§ Exercise prompt: The required output is the exact run of lines in the listing below from the line holding "Ford Bronco Sport 2023 4x4 Big Bend 4p SUV" through the line holding "Nike Air Force", with no pictures.

§ Extracted records:
────────────────────────────────────────

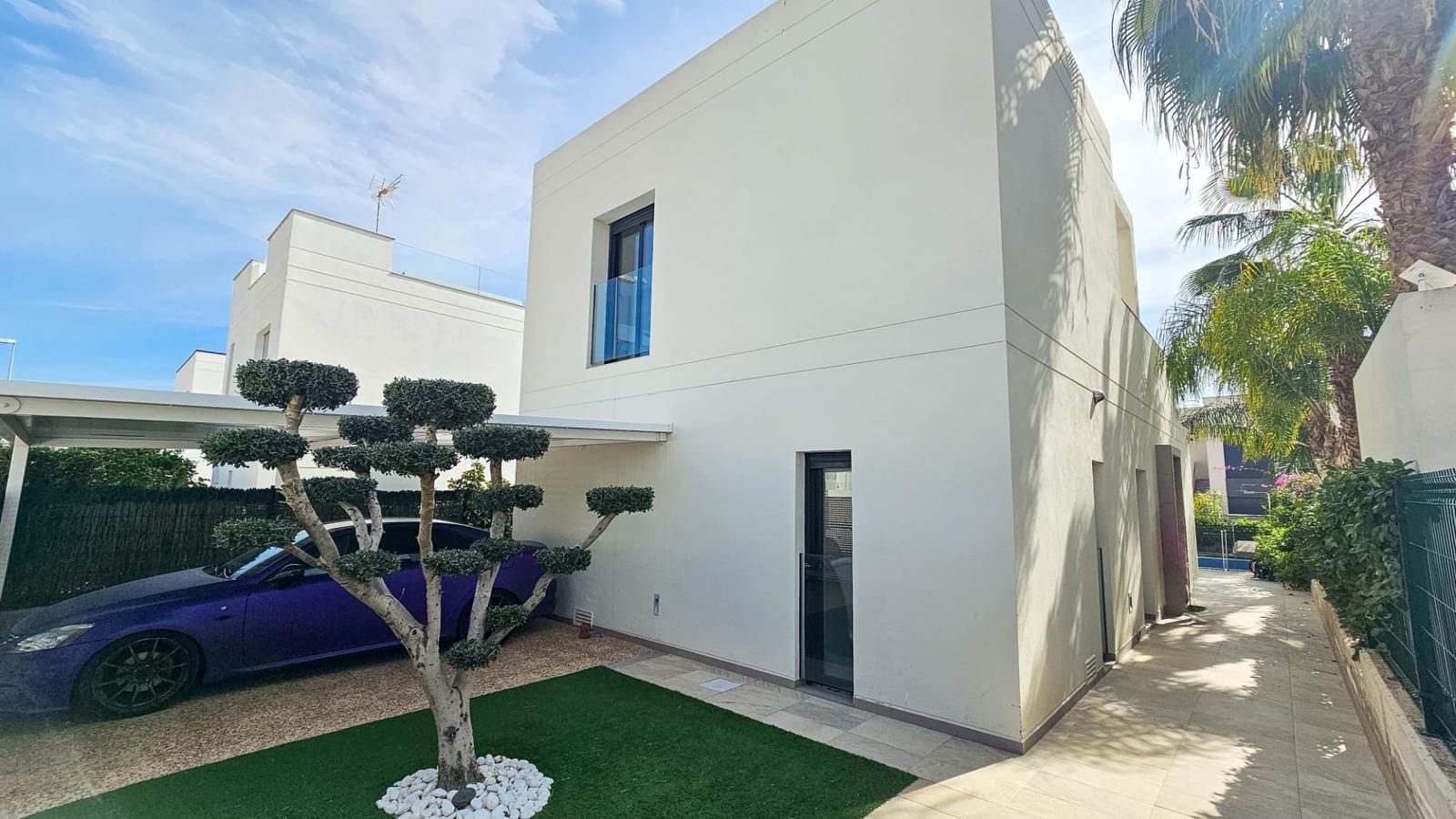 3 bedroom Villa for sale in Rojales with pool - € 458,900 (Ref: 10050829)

────────────────────────────────────────

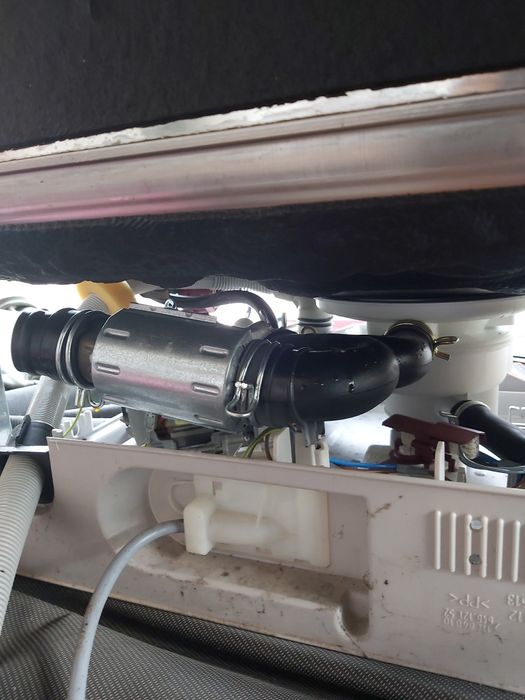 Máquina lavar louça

────────────────────────────────────────

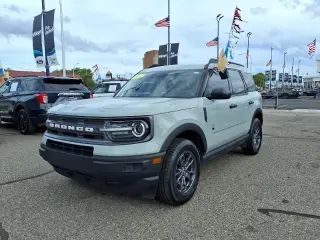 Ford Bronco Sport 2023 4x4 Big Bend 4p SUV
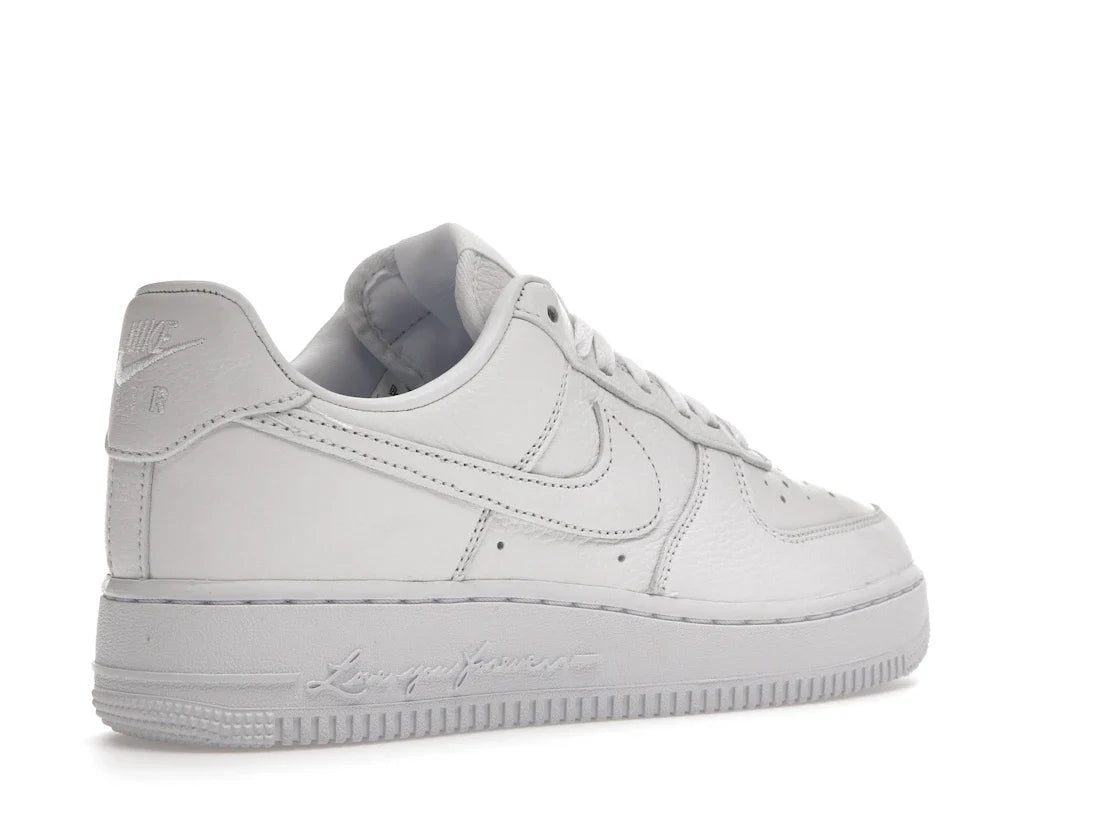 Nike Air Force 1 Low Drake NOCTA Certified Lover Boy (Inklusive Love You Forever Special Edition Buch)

────────────────────────────────────────

§ Response for this exercise:
 Ford Bronco Sport 2023 4x4 Big Bend 4p SUV
 Nike Air Force 1 Low Drake NOCTA Certified Lover Boy (Inklusive Love You Forever Special Edition Buch)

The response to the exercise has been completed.